RPO podkreślał, że takie postawienie sprawy godzi w samo serce prawa Unii.
- Porządek prawny UE jest elastyczny - mówił. Są instytucje i rozwiązania, w których można uczestniczyć, albo nie. Są sytuacje, kiedy prawo krajowe przeważa i Unia taką rację danego kraju uznaje. Jest też mechanizmem pozwalającym Unii na naprawę i rozwój systemu prawnego. Jeśli pojawia się problem z danym przepisem wprowadzonym w kraju członkowskim, rozwiązaniem jest prounijna wykładnia tego przepisu pozwalająca na stosowania go zgodnie z duchem i wartościami UE.

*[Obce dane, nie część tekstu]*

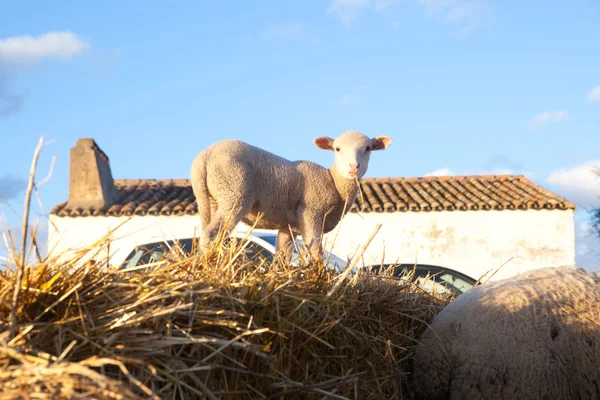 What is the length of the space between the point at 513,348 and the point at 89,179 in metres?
18.7

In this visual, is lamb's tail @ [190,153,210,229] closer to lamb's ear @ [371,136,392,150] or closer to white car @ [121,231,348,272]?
white car @ [121,231,348,272]

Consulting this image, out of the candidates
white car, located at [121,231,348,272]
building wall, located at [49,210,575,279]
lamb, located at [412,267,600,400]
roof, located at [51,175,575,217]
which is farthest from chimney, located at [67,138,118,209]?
lamb, located at [412,267,600,400]

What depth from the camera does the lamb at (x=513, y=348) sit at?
2736 millimetres

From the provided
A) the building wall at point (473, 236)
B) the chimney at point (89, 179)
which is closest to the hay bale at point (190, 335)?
the building wall at point (473, 236)

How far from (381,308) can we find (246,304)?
36.4 inches

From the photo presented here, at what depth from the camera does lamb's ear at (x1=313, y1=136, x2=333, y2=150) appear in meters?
4.52

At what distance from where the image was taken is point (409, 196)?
20797 millimetres

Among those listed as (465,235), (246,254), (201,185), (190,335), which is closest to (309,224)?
(201,185)

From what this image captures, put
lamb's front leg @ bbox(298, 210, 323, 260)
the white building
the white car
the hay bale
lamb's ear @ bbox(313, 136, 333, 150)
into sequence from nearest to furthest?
1. the hay bale
2. the white car
3. lamb's front leg @ bbox(298, 210, 323, 260)
4. lamb's ear @ bbox(313, 136, 333, 150)
5. the white building

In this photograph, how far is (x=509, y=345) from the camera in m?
2.75

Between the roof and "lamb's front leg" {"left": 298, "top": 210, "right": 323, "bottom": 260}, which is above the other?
the roof

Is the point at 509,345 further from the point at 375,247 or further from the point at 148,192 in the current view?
the point at 148,192

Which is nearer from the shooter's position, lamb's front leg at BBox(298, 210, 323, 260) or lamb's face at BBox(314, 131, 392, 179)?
lamb's face at BBox(314, 131, 392, 179)

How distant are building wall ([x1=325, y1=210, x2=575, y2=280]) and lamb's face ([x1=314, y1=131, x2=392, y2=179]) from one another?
1534 cm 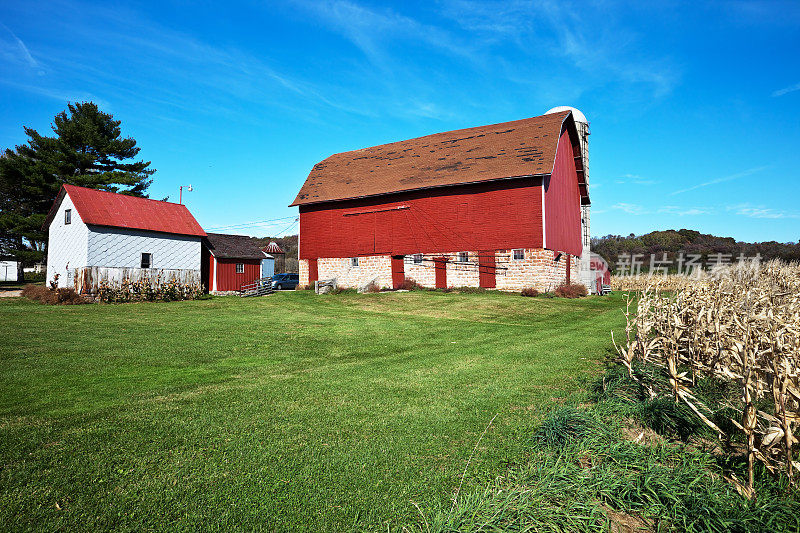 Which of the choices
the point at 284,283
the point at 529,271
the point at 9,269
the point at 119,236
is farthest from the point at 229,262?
the point at 9,269

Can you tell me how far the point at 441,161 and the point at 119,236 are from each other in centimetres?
2104

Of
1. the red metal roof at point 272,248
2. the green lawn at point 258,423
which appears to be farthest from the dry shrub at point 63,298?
the red metal roof at point 272,248

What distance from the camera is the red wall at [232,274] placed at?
33219mm

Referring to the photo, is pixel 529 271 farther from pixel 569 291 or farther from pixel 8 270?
pixel 8 270

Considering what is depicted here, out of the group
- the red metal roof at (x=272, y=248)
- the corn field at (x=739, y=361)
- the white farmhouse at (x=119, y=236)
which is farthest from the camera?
the red metal roof at (x=272, y=248)

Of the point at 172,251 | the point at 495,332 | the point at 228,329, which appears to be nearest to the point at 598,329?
the point at 495,332

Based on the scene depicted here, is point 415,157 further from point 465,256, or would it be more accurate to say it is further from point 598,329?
point 598,329

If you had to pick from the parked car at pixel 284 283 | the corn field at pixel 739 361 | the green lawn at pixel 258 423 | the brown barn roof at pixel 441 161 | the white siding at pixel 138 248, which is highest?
the brown barn roof at pixel 441 161

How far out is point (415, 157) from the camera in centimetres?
3053

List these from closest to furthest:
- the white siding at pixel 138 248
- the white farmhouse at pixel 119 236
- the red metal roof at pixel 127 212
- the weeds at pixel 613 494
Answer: the weeds at pixel 613 494 → the white farmhouse at pixel 119 236 → the white siding at pixel 138 248 → the red metal roof at pixel 127 212

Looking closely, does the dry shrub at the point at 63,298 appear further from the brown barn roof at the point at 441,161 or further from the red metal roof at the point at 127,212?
the brown barn roof at the point at 441,161

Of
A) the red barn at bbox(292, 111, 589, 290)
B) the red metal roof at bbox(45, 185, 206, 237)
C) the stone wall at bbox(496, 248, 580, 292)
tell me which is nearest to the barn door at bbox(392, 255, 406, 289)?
the red barn at bbox(292, 111, 589, 290)

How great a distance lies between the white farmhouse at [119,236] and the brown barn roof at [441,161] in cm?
855

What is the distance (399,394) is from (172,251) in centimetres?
2926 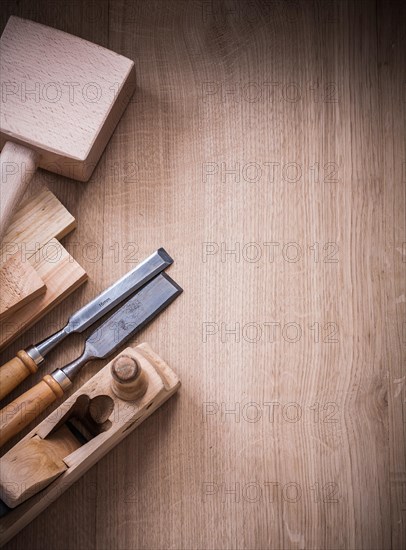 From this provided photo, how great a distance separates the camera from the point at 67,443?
923mm

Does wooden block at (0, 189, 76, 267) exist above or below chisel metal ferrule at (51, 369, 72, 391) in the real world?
above

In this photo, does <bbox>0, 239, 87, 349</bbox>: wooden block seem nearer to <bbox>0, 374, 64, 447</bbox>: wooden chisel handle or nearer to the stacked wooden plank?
the stacked wooden plank

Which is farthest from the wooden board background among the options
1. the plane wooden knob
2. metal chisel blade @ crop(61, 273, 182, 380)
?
the plane wooden knob

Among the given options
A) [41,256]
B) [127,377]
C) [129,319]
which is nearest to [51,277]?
[41,256]

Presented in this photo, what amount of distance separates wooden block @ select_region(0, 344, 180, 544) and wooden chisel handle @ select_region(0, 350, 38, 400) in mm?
79

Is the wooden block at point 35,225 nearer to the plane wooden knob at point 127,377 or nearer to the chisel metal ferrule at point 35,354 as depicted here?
the chisel metal ferrule at point 35,354

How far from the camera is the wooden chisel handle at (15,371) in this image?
93cm

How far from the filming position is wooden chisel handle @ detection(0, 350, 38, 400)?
3.04ft

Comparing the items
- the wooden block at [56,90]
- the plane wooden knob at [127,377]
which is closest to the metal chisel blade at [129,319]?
the plane wooden knob at [127,377]

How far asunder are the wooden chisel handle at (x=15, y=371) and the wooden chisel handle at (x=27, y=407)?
2 centimetres

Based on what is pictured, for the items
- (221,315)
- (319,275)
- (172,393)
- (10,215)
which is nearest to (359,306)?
(319,275)

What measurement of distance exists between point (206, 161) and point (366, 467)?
60 centimetres

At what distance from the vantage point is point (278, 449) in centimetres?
101

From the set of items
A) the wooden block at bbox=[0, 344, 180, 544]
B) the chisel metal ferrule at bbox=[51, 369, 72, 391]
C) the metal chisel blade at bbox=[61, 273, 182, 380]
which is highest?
the metal chisel blade at bbox=[61, 273, 182, 380]
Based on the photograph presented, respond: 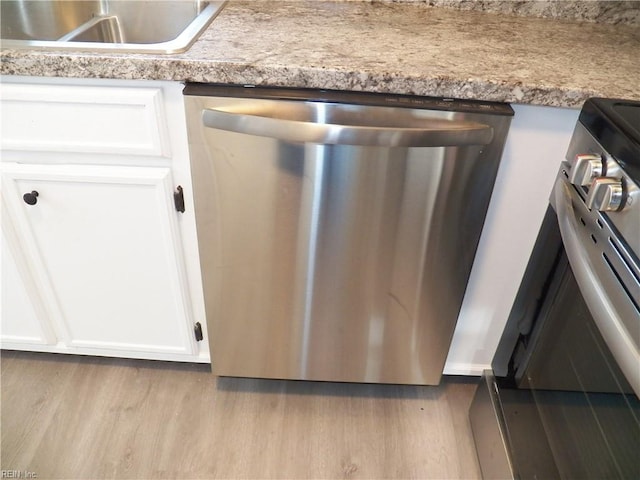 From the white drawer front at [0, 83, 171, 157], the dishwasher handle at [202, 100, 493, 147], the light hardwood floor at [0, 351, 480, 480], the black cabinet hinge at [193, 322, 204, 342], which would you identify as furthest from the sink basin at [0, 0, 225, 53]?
the light hardwood floor at [0, 351, 480, 480]

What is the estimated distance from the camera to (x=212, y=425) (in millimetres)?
1360

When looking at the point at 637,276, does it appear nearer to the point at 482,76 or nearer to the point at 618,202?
the point at 618,202

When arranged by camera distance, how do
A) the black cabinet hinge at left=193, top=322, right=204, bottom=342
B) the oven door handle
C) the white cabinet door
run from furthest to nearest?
the black cabinet hinge at left=193, top=322, right=204, bottom=342
the white cabinet door
the oven door handle

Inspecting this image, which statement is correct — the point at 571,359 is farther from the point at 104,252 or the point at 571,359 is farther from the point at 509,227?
the point at 104,252

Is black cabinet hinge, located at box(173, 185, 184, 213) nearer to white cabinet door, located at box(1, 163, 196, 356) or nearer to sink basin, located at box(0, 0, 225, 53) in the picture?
white cabinet door, located at box(1, 163, 196, 356)

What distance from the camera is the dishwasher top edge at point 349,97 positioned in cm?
94

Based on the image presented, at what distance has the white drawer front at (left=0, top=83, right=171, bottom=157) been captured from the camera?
0.98m

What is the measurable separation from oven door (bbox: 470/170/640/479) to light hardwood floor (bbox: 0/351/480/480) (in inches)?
9.4

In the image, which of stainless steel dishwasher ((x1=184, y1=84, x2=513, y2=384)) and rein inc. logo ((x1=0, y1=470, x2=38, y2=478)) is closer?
stainless steel dishwasher ((x1=184, y1=84, x2=513, y2=384))

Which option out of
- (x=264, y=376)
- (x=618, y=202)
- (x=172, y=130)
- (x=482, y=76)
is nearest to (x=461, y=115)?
(x=482, y=76)

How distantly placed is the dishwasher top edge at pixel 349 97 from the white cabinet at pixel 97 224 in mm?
85

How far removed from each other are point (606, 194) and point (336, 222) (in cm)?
51

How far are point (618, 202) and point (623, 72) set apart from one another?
17.8 inches

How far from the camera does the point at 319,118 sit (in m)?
0.95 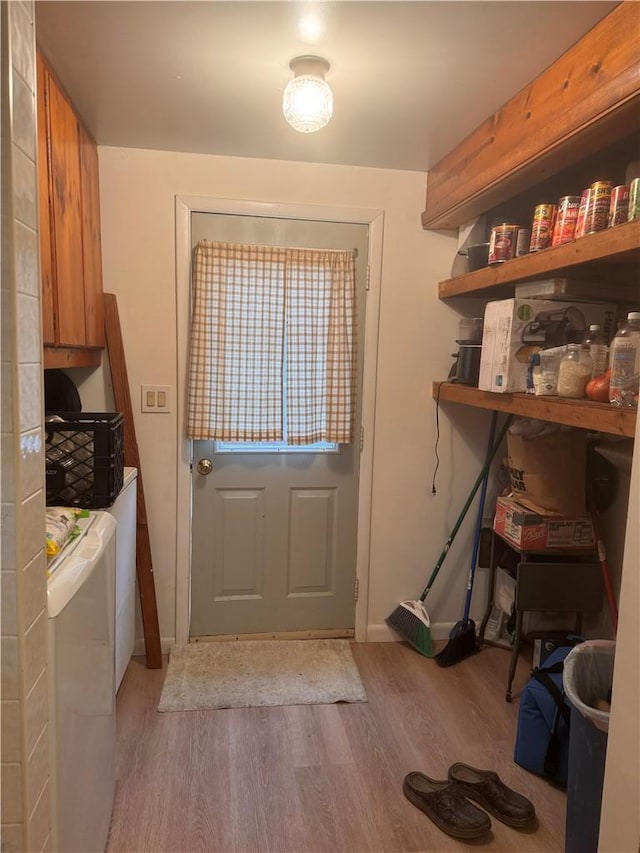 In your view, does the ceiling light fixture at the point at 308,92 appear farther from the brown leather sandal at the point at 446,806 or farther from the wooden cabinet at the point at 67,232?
the brown leather sandal at the point at 446,806

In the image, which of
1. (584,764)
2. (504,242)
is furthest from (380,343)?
(584,764)

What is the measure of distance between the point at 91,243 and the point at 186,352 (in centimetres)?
59

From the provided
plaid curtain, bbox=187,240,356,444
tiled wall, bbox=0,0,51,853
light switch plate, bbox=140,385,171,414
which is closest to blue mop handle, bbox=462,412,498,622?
plaid curtain, bbox=187,240,356,444

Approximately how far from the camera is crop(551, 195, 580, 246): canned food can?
1707 millimetres

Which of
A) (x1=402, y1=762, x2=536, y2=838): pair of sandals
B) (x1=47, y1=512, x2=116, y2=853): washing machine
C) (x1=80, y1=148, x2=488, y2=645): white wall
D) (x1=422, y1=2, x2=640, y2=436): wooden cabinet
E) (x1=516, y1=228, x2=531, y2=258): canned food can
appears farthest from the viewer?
(x1=80, y1=148, x2=488, y2=645): white wall

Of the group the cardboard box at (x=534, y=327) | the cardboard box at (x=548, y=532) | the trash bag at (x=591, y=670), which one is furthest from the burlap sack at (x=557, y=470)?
the trash bag at (x=591, y=670)

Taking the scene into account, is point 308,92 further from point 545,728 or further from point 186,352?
point 545,728

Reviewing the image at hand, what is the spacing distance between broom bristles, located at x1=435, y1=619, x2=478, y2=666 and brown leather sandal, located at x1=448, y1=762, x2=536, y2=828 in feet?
2.20

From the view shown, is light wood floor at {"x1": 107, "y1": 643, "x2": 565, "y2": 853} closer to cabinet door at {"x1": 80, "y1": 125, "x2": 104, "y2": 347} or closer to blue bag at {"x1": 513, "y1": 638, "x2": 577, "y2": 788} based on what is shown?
blue bag at {"x1": 513, "y1": 638, "x2": 577, "y2": 788}

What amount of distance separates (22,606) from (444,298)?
2.24 metres

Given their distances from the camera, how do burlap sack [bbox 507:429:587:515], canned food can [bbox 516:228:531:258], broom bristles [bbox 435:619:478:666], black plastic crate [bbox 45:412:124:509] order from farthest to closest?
broom bristles [bbox 435:619:478:666] < burlap sack [bbox 507:429:587:515] < canned food can [bbox 516:228:531:258] < black plastic crate [bbox 45:412:124:509]

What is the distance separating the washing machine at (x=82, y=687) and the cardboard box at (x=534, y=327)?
143 centimetres

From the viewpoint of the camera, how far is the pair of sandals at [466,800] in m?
1.69

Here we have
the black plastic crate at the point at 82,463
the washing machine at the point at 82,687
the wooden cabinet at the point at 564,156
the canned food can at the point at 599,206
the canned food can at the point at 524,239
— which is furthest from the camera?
the canned food can at the point at 524,239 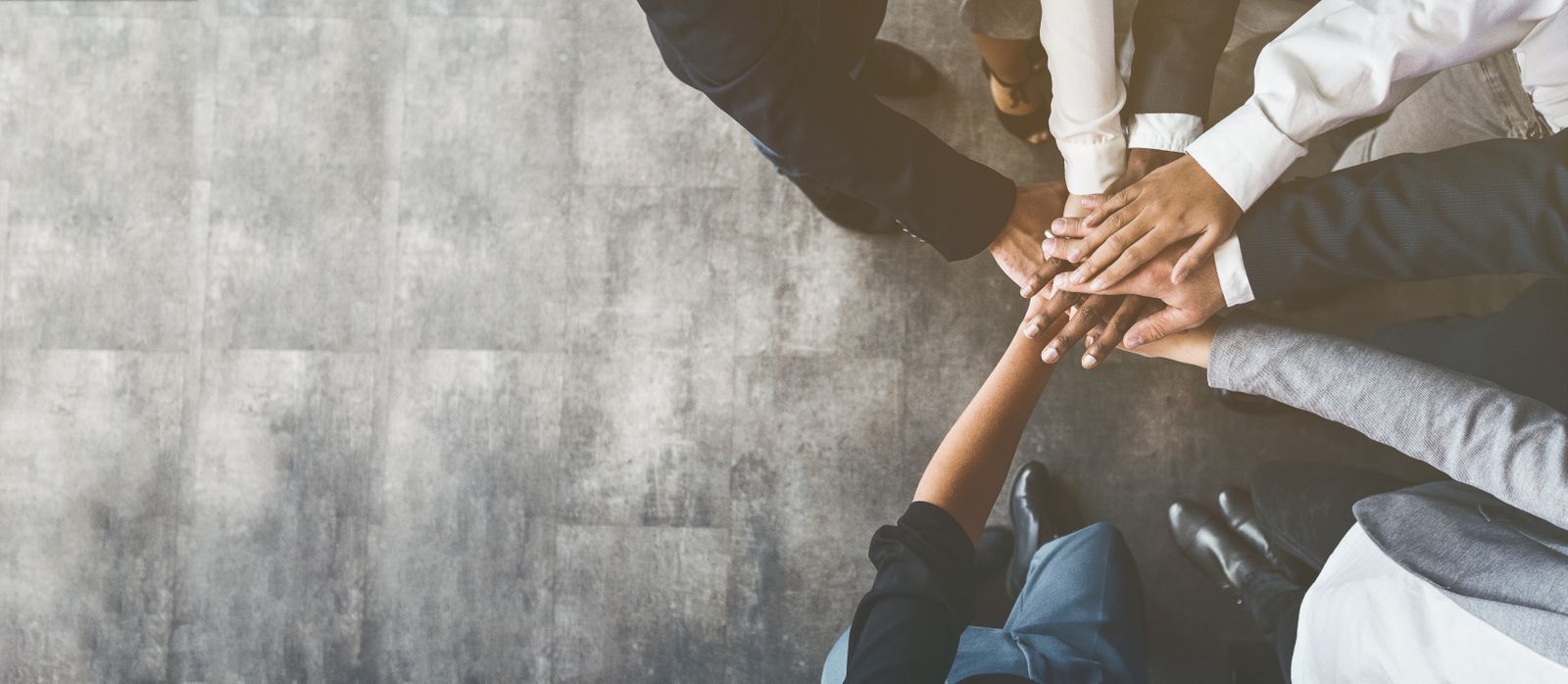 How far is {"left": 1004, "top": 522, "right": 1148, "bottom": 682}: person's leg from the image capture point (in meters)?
1.69

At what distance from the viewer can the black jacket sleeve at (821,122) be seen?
1.14m

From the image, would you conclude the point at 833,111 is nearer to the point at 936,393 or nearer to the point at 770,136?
the point at 770,136

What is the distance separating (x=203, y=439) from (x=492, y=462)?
923 millimetres

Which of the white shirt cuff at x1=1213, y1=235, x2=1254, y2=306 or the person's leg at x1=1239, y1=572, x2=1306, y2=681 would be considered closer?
the white shirt cuff at x1=1213, y1=235, x2=1254, y2=306

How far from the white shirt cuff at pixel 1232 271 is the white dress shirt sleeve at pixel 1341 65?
0.08 metres

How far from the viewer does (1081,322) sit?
1522mm

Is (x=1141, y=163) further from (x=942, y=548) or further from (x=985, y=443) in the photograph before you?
(x=942, y=548)

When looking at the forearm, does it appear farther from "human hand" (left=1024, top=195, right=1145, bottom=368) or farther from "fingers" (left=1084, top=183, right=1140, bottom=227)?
"fingers" (left=1084, top=183, right=1140, bottom=227)

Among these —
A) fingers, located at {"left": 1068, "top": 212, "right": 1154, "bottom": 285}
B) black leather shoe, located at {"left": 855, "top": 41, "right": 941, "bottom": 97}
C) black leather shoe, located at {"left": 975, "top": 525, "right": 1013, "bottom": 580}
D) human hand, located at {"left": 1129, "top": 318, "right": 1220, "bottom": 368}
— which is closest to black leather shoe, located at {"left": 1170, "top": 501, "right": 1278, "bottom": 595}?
black leather shoe, located at {"left": 975, "top": 525, "right": 1013, "bottom": 580}

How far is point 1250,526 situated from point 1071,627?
2.51 ft

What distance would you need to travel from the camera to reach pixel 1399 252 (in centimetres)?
125

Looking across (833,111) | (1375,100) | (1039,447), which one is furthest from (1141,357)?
(833,111)

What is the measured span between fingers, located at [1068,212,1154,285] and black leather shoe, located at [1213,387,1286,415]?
38.4 inches

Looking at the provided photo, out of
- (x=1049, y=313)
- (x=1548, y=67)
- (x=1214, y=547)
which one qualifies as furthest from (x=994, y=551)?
(x=1548, y=67) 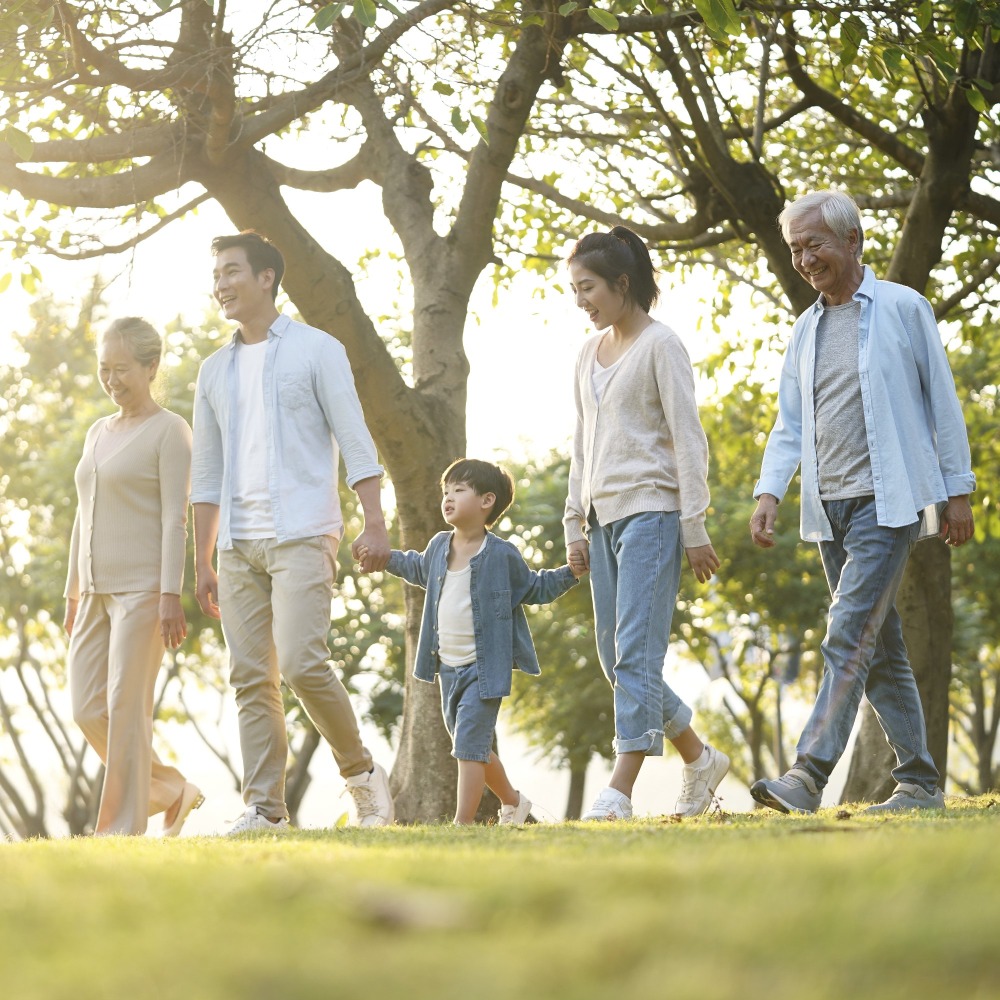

Ale w tym przypadku chodzi o wypaczenie zasad Unii – a jest nią niezależność sądów i niezawisłość sędziów. Bo jeśli w jednym kraju sądy będą niezawisłe, a w innym będą podległe władzy, a sędziowie przez nie dyscyplinowani– to Unia nie ma prawa działać – powiedział RPO Adam Bodnar.
Szczegółową argumentację prawną w imieniu RPO przedstawił Paweł Filipek. Podkreślał, że nie ma konfliktu między Konstytucją a Traktatem o Unii Europejskiej. To ustawy – w tym „ustawa kagańcowa” są sprzeczne z prawem UE.
Na koniec rozprawy Adam Bodnar odnosił się do wypowiedzi uczestników postępowania. Powtórzył, że sprawę powinien był badać pełny skład TK. Mówił,że jeśli się chce, to można wyjść z opresji, jaką powoduje wyrok TSUE z marca br. ws. polskich sędziów. RPO nie zgodził się ze słowami pos. Mularczyka, aby rzekomo coś go łączyło z jakimś planem opozycji politycznej. - Jestem tu po to, by bronić niezależności sądownictwa, bo jest to ważne dla wielu obywateli - zakończył.